Two-phase sweep completes in ~26 minutes end-to-end on a stock laptop (Phase 1: 58 runs in ~14 min; Phase 2: 38 runs in ~11 min), with a 100% pass rate against expected verdicts. Concrete-shape targets finish in 1–3 seconds each; symbolic targets in ~5–90 seconds.

Real upstream bug rediscovered in ~2 seconds. The matmul_hoist_load kernel that aws-neuron/nki-samples PR #74 corrected, pre-fix, lhsT_tiles was allocated with free-dim TILE_N (=512) where it should have been TILE_M (=128), is pinned in our harness as a regression target. ESBMC reports the shape mismatch in ~2 s on a laptop, without a Neuron device, demonstrating that the technique catches bugs of the class that have shipped in real NKI code. (This is a retroactive reproduction of an already-fixed upstream issue, not a new discovery.)

New division-by-zero bug filed and fixed upstream. The Phase-2 CWE-369 check trips a ZeroDivisionError at JIT-trace time in interpolate_bilinear_2x_fwd and interpolate_trilinear_2x_fwd when chunk_size == 1, found without relying on any port-time precondition. We reported it as nki-samples issue #125; AWS adopted the proposed preconditions (chunk_size >= 2, chunked dim >= chunk_size) and merged the fix in PR #126.

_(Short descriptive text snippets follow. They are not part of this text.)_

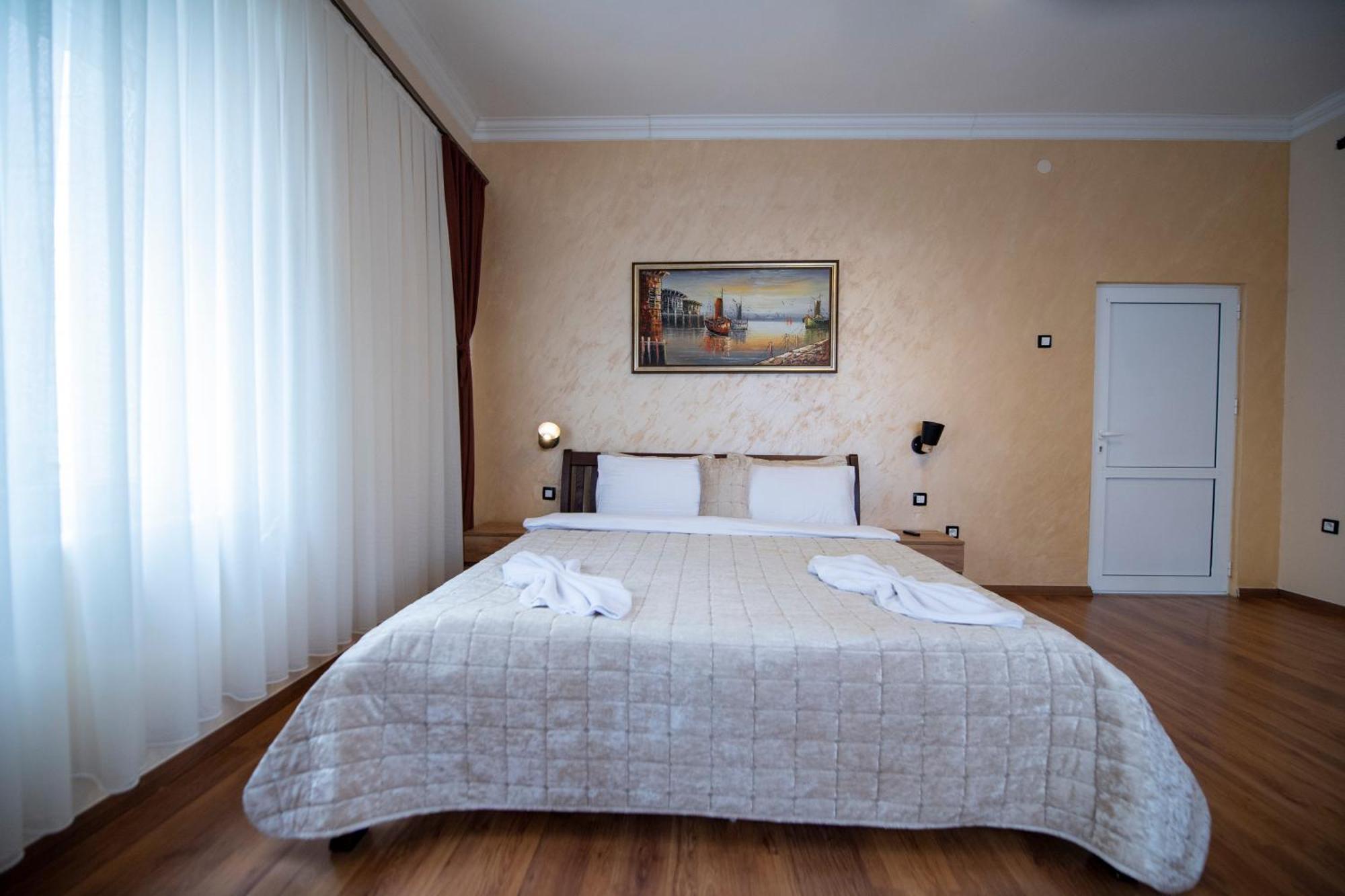 Hotel And Apartments Central City Prishtina พริสตีนา ภายนอก รูปภาพ
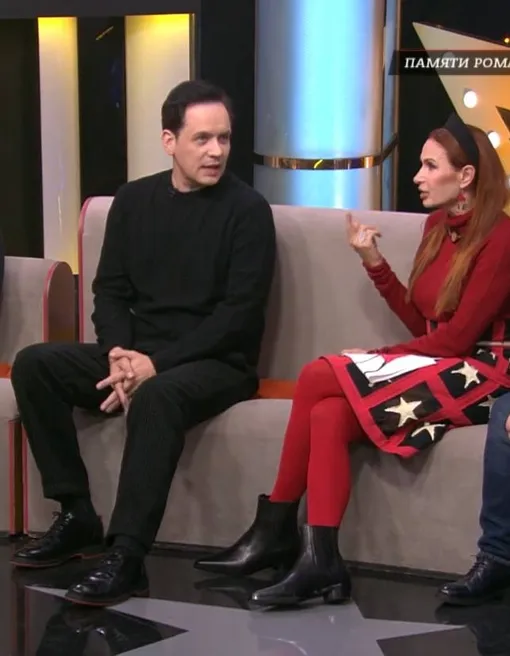 Александр Асташенок и Эвелина Бледанс в студии программы «Звезды сошлись» Александр Асташенок и Эвелина Бледанс в студии программы «Звезды сошлись»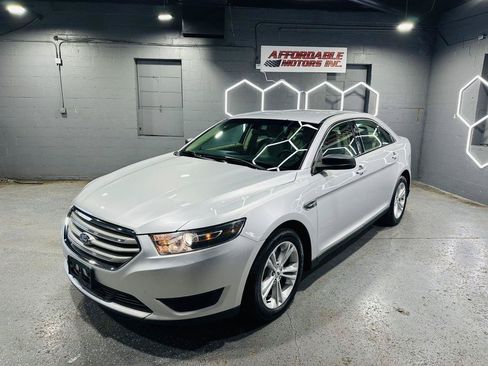 Used 2017 Ford Taurus SE FWD image 2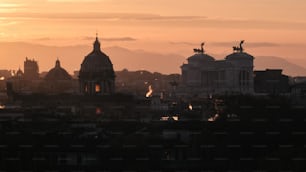 El sol se está poniendo sobre la ciudad de Roma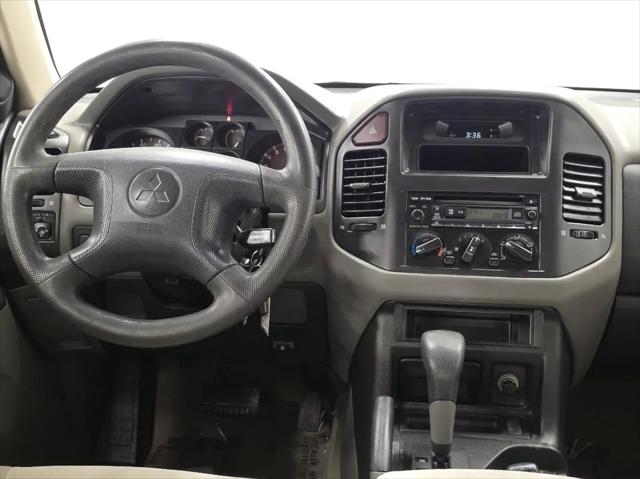 2002 Mitsubishi Montero XLS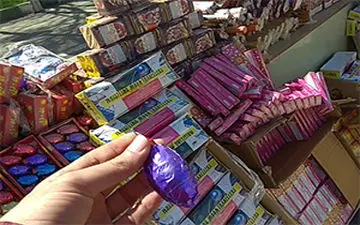 کشف 17 تن مواد محترقه توسط ماموران پلیس + فیلم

Second division-by-zero bug filed and fixed upstream. The Phase-2 multi-property sweep also surfaced a ZeroDivisionError in tensor_avgpool_kernel when pool_size == 0. We reported it as nki-samples issue #127; AWS added the proposed assert pool_size >= 1 guard upstream in commit bb513ac.

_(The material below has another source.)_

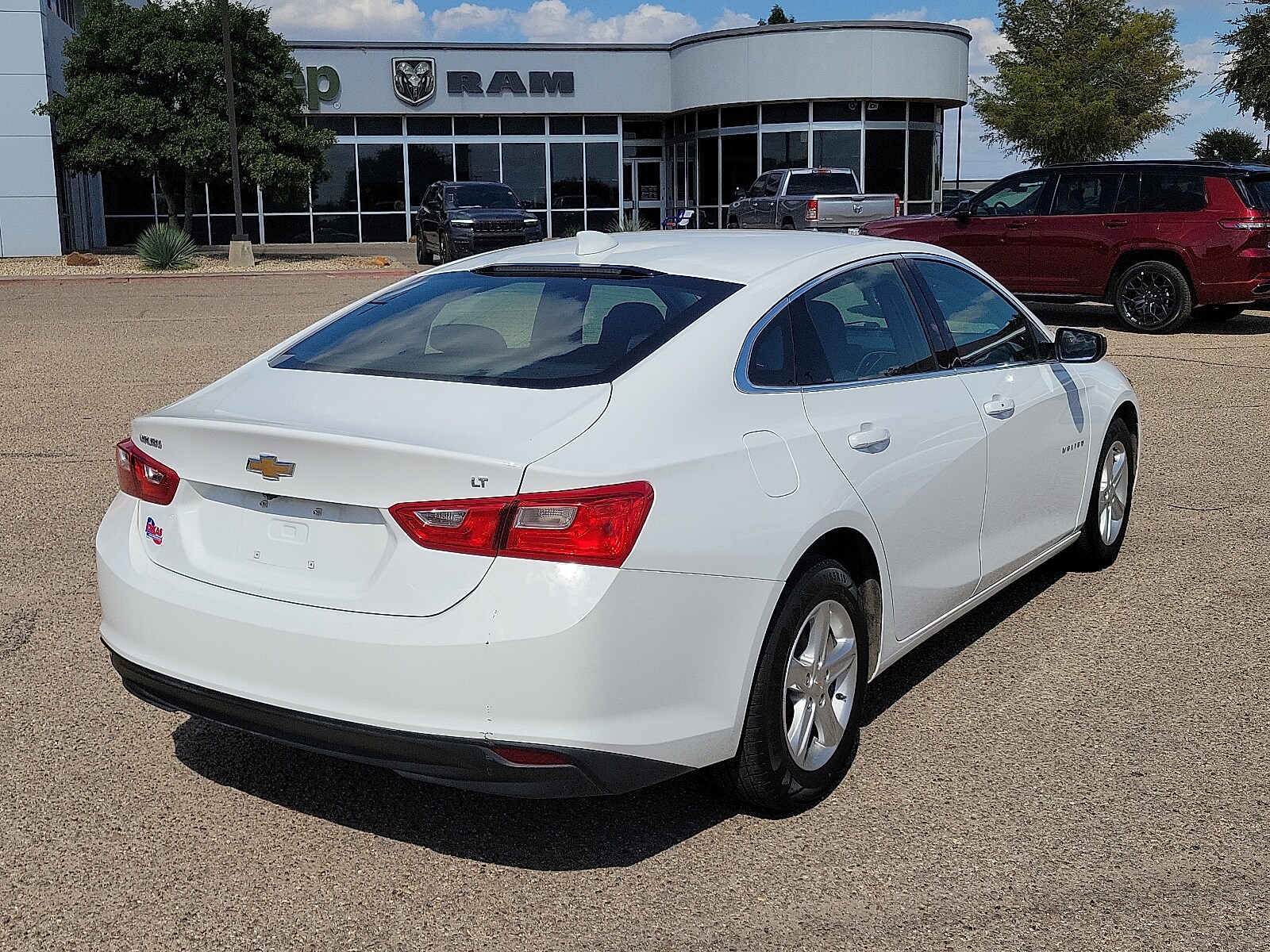 2023 Chevrolet Malibu 1LT photo 4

~20 ESBMC Python-frontend issues filed and resolved upstream over the course of the PoC, every issue paired with its merging PR in the repository's RETROSPECTIVE.md. Net effect: the ported kernels are now byte-for-byte faithful to the upstream NKI source for indexing, and a class of frontend gaps (named-local-binding workarounds, source-rewrite shims) has been retired in ESBMC itself.

What this means

NKI shape and bounds checking is amenable to bounded model checking with k-induction completeness, at developer-laptop speeds, with no hardware in the loop. The same technique extends to integer-overflow and division-by-zero defects in the host-side glue around kernels. For teams writing or reviewing NKI code, this turns a class of hardware-level failures into compile-time CI gates, and the cost of adoption is a stub library plus a handful of minutes per kernel.

References

  1. lucasccordeiro/AWS-Neuron, public PoC repository (harness, stubs, ported kernels, two-phase verification sweep, retrospective). github.com/lucasccordeiro/AWS-Neuron
  2. aws-neuron/nki-samples, upstream NKI sample kernels (pinned at commit a87aaa44 in the PoC). github.com/aws-neuron/nki-samples
  3. aws-neuron/nki-samples PR #74, matmul SBUF allocation dimension fix (rediscovered retroactively by the PoC). github.com/aws-neuron/nki-samples/pull/74
  4. aws-neuron/nki-samples issue #125 → PR #126, division-by-zero in interpolate_{bi,tri}linear_2x_fwd at chunk_size == 1, filed by the PoC and fixed upstream. github.com/aws-neuron/nki-samples/pull/126
  5. aws-neuron/nki-samples issue #127 → commit bb513ac, division-by-zero in tensor_avgpool_kernel at pool_size == 0, filed by the PoC and fixed upstream. github.com/aws-neuron/nki-samples/commit/bb513ac
  6. ESBMC, open-source bounded model checker, with the Python frontend used in this PoC. github.com/esbmc/esbmc

Note. This page describes an independent, reproducible proof-of-concept published by CRC's founder and ESBMC creator and lead developer, Prof. Lucas Cordeiro (University of Manchester). CRC Ltd is not in a commercial partnership with AWS or the AWS Neuron team, and the PoC was not commissioned by AWS. The two new division-by-zero fixes (nki-samples PR #126 and commit bb513ac) went through the project's public issue tracker. The harness is open source; all results, including the retroactive rediscovery of nki-samples PR #74 and the limits of the symbolic-shape coverage, are reproducible from the public repository.